The front end has two major tasks. First it takes the raw text and converts things like numbers and abbreviations into their written-out word equivalents. This process is often called text normalization, pre-processing, or tokenization. Then it assigns phonetic transcriptions to each word, and divides and marks the text into various prosodic units, like phrases, clauses, and sentences. The process of assigning phonetic transcriptions to words is called text-to-phoneme (TTP) or grapheme-to-phoneme (GTP) conversion. The combination of phonetic transcriptions and information about prosodic units make up the symbolic linguistic representation output of the front end.
The other part, the back end, takes the symbolic linguistic representation and converts it into actual sound output.
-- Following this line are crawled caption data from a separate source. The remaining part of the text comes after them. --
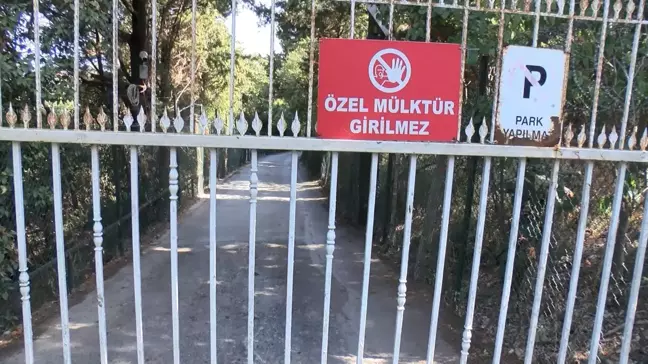 Vaniköy'de Orman Arazisinde İnşaat İncelemesi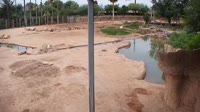 Tuksonas - Reid Park Zoo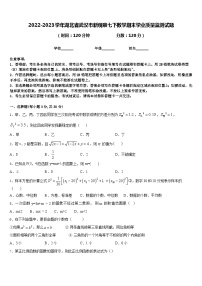 2022-2023学年湖北省武汉市新观察七下数学期末学业质量监测试题含答案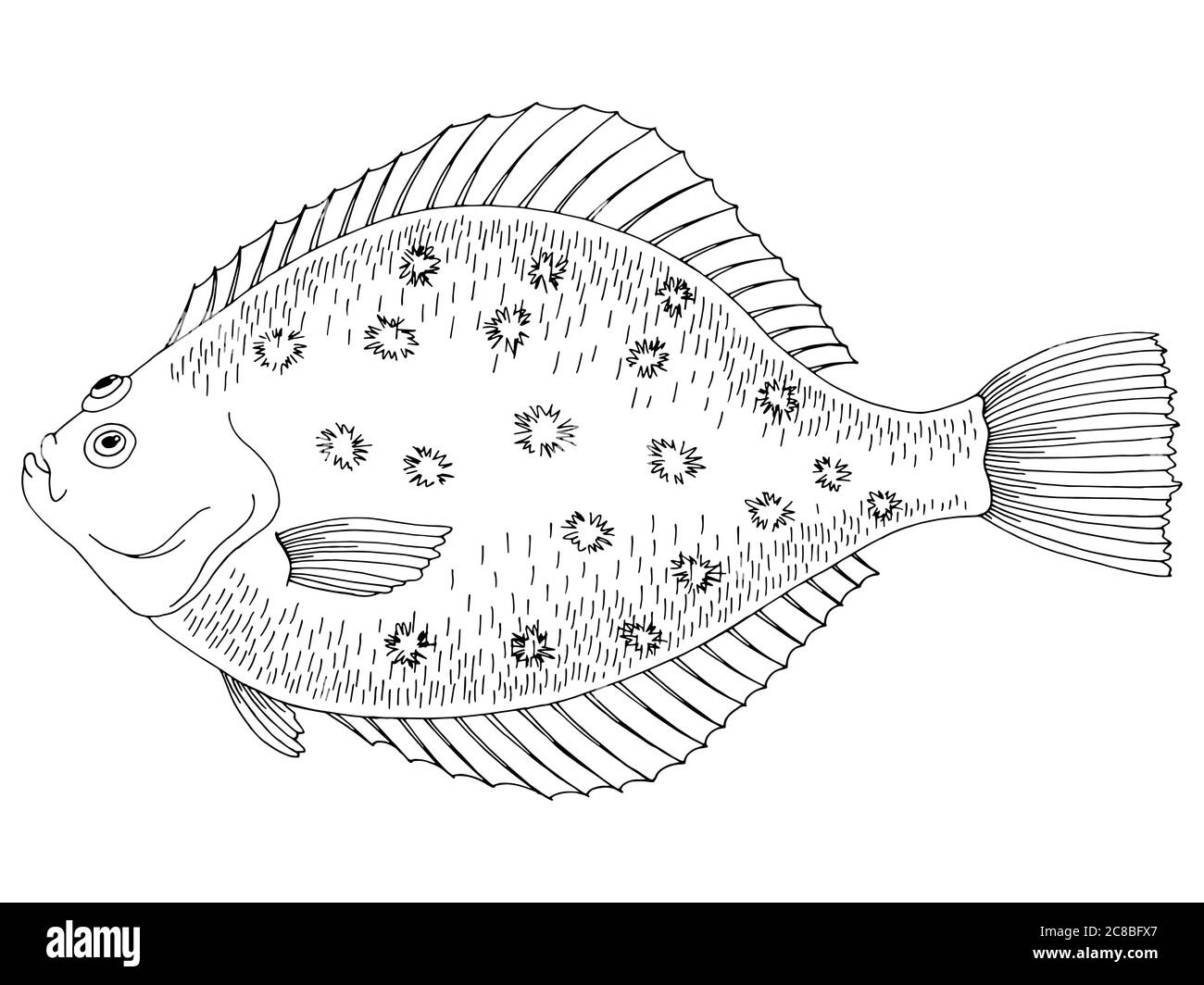 Flounder fish graphic black white isolated illustration vector Stock Vector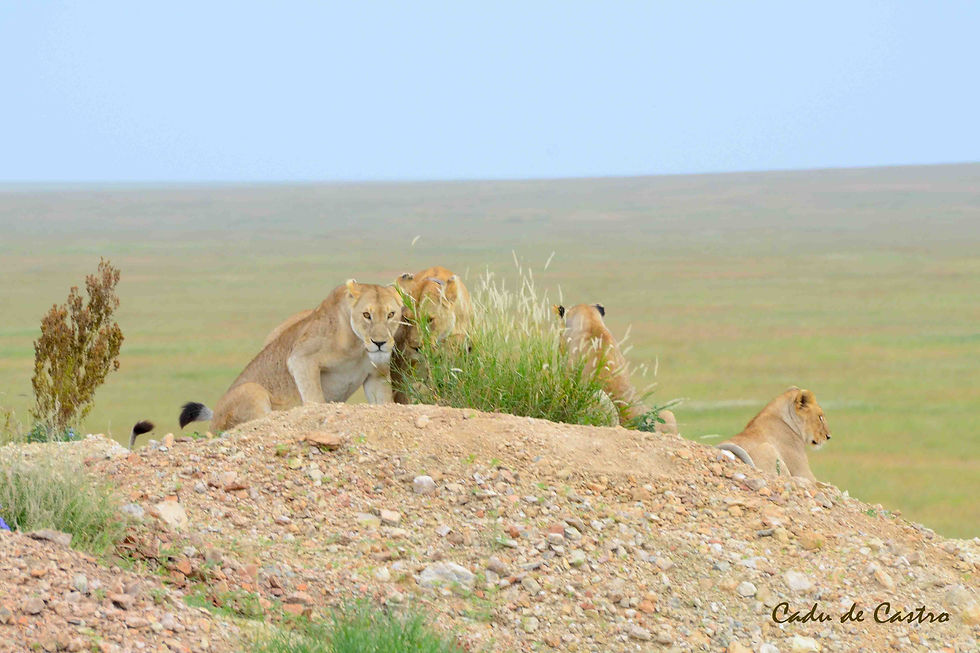 Leoas no Serengeti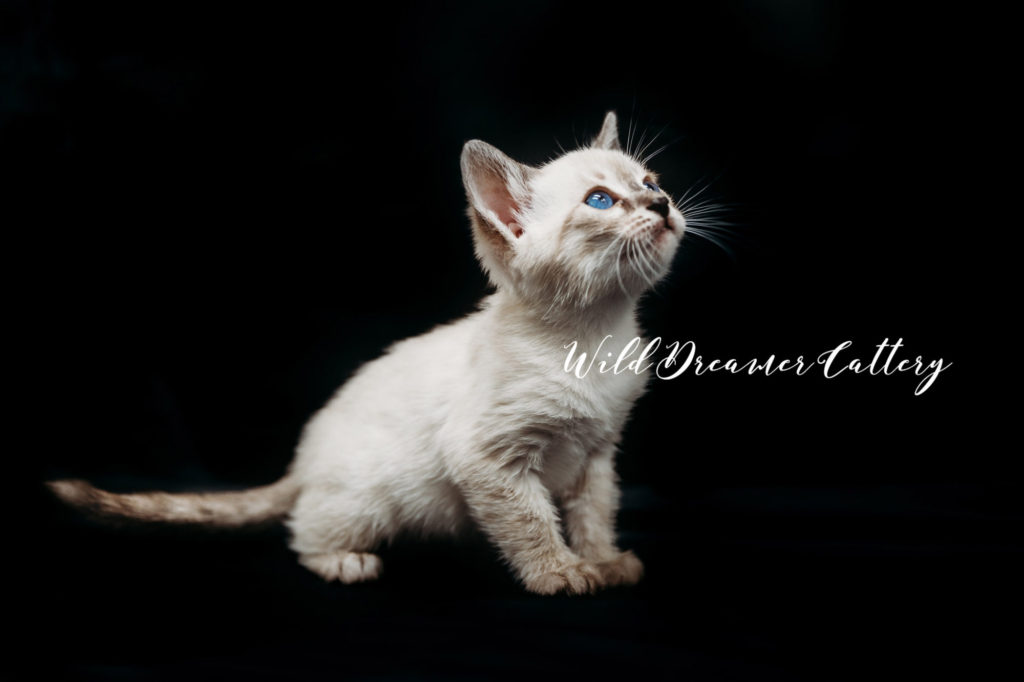  | Wild Dreamer Cattery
The back end is often referred to as the synthesizer. The different techniques synthesizers use are described below.
History
Long before modern electronic signal processing was invented, speech researchers tried to build machines to create human speech. Early examples of 'speaking heads' were made by Gerbert (d. 1003), Albertus Magnus (1198-1280), and Roger Bacon (1214-1294).
In 1779, Christian Kratzenstein of St. Petersburg built models of the human vocal tract that could produce the five long vowel sounds (a, e, i, o and u). This was followed by the bellows-operated 'Acoustic-Mechanical Speech Machine' by Wolfgang von Kempelen of Vienna, Austria, described in his 1791 paper Mechanismus der menschlichen Sprache nebst der Beschreibung seiner sprechenden Maschine (J.B. Degen, Wien). This machine added models of the tongue and lips, enabling it to produce consonants as well as vowels. In 1837 Charles Wheatstone produced a 'speaking machine' based on von Kempelen's design, and in 1857 M. Faber built the 'Euphonia'. Wheatstone's design was resurrected in 1923 by Paget.